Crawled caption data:
###

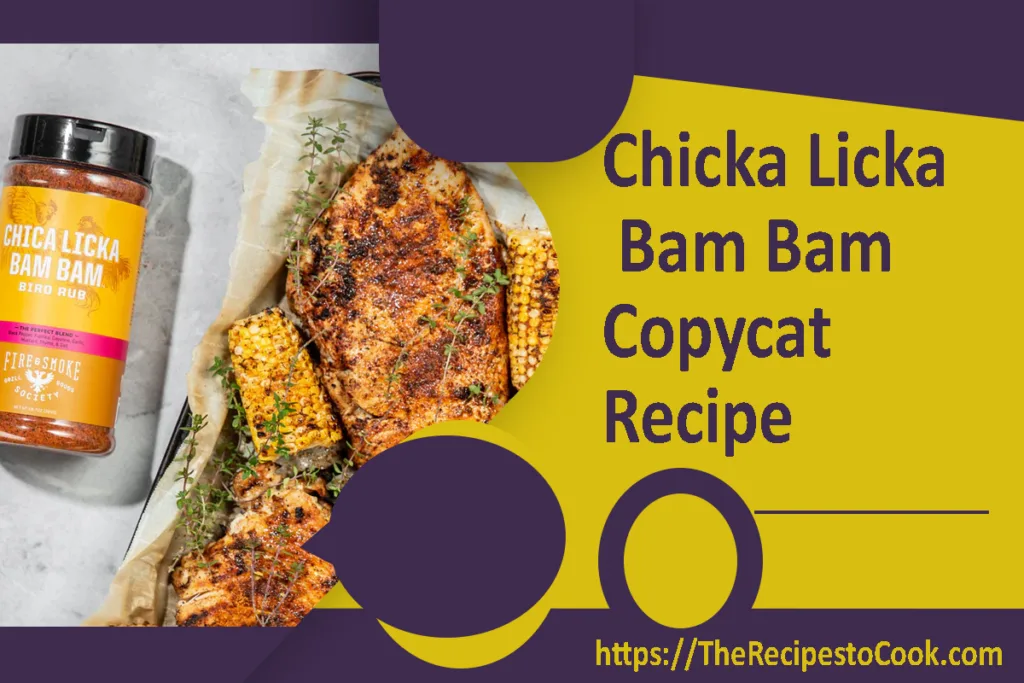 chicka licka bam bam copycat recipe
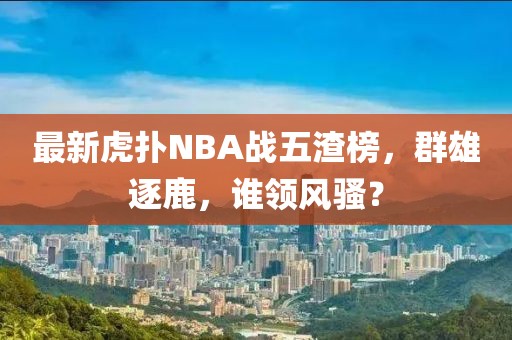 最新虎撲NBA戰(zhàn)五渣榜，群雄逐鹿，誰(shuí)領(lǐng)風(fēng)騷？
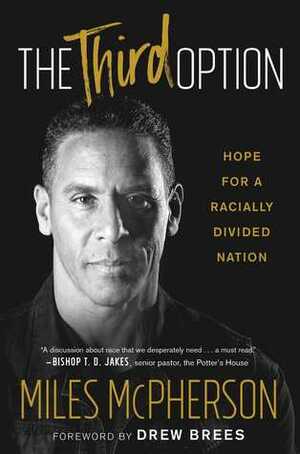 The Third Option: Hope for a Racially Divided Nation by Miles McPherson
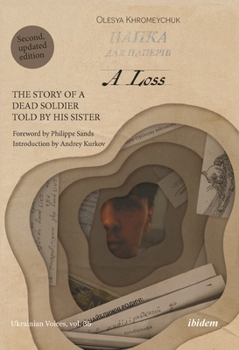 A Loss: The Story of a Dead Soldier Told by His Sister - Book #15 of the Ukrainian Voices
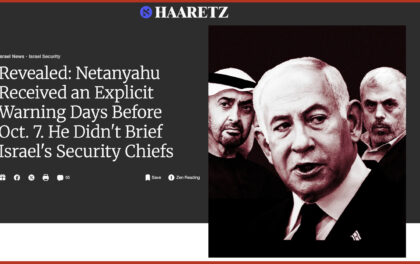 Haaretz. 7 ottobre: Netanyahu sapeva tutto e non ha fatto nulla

###

WHAT IS NEEDED >> Give again, word for word, only the lines from the line containing "A Loss: The" through the last line above, both included; leave the pictures out.

ANSWER BOX >>
 A Loss: The Story of a Dead Soldier Told by His Sister - Book #15 of the Ukrainian Voices
 Haaretz. 7 ottobre: Netanyahu sapeva tutto e non ha fatto nulla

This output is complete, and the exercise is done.